--- INPUT ---
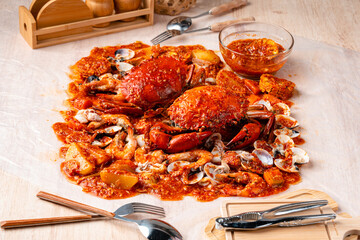 Crab sauce padang (Indonesian Kepiting Saus Padang). dish of crab served in hot and spicy Padang sauce.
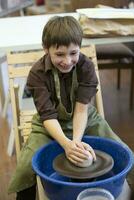 A little boy makes a clay product at a potter's wheel. photo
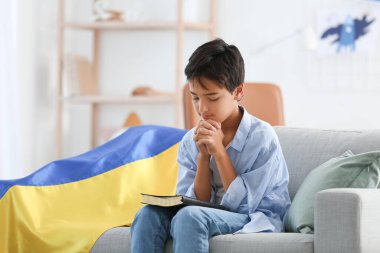 Little boy with Holy Bible and flag of Ukraine praying at home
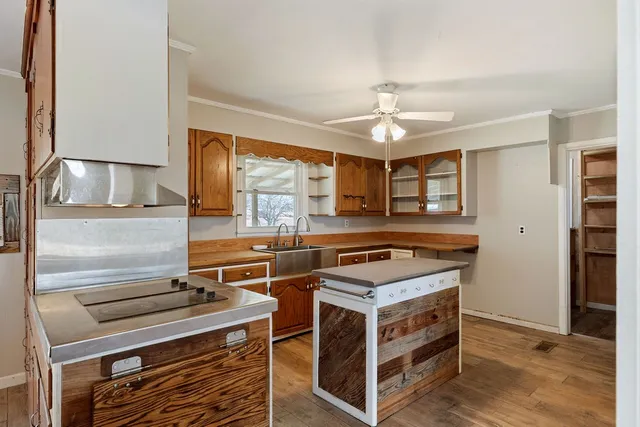 a kitchen with a stove and a chandelier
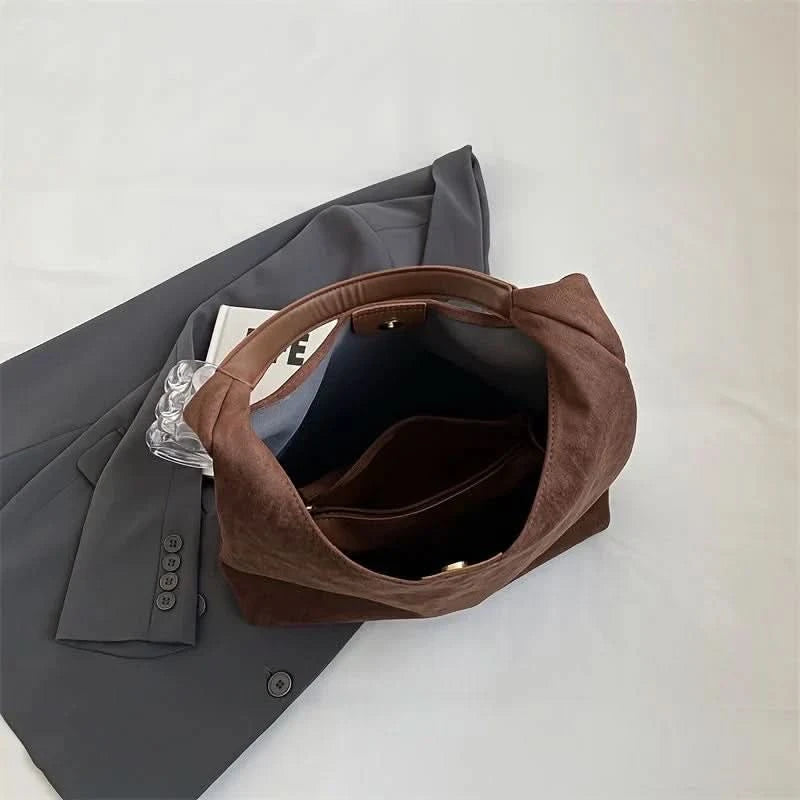 Open brown suede tote showing spacious interior compartment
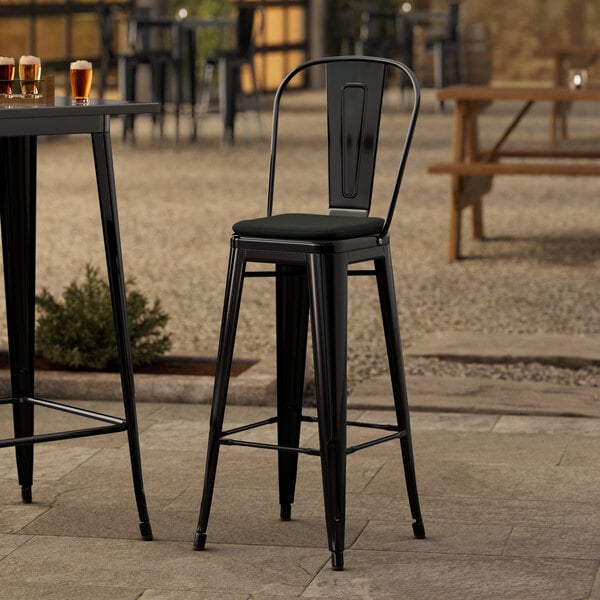 A black metal Lancaster Table & Seating outdoor cafe barstool with a black cushion.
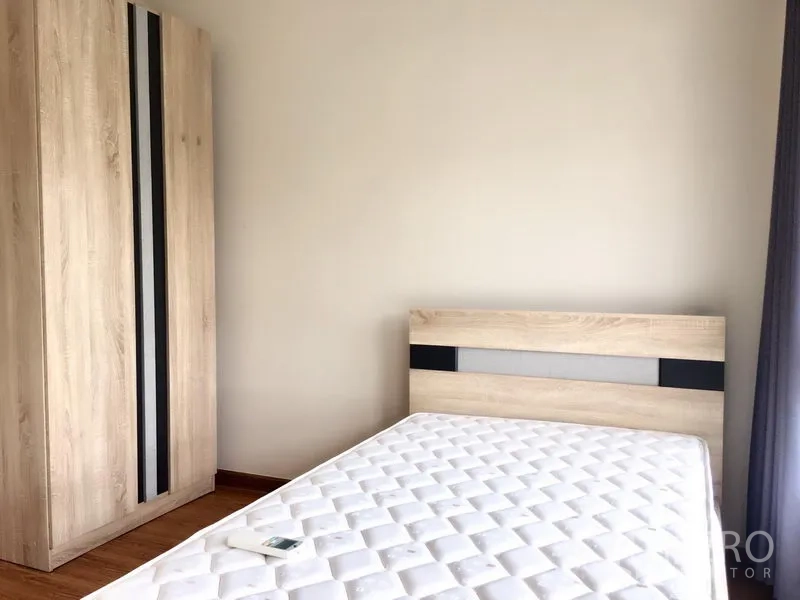 Townhouse for rent in Prawet, Bangkok - A cozy bedroom with a wood wardrobe and mattress by the window.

--- EXERCISE DESCRIPTION ---
Write out exactly and only the lines that run from the start of the data above through the line containing "Little boy with", leaving the pictures out.

--- THE ANSWER ---
 Crab sauce padang (Indonesian Kepiting Saus Padang). dish of crab served in hot and spicy Padang sauce.
 A little boy makes a clay product at a potter's wheel. photo
 Little boy with Holy Bible and flag of Ukraine praying at home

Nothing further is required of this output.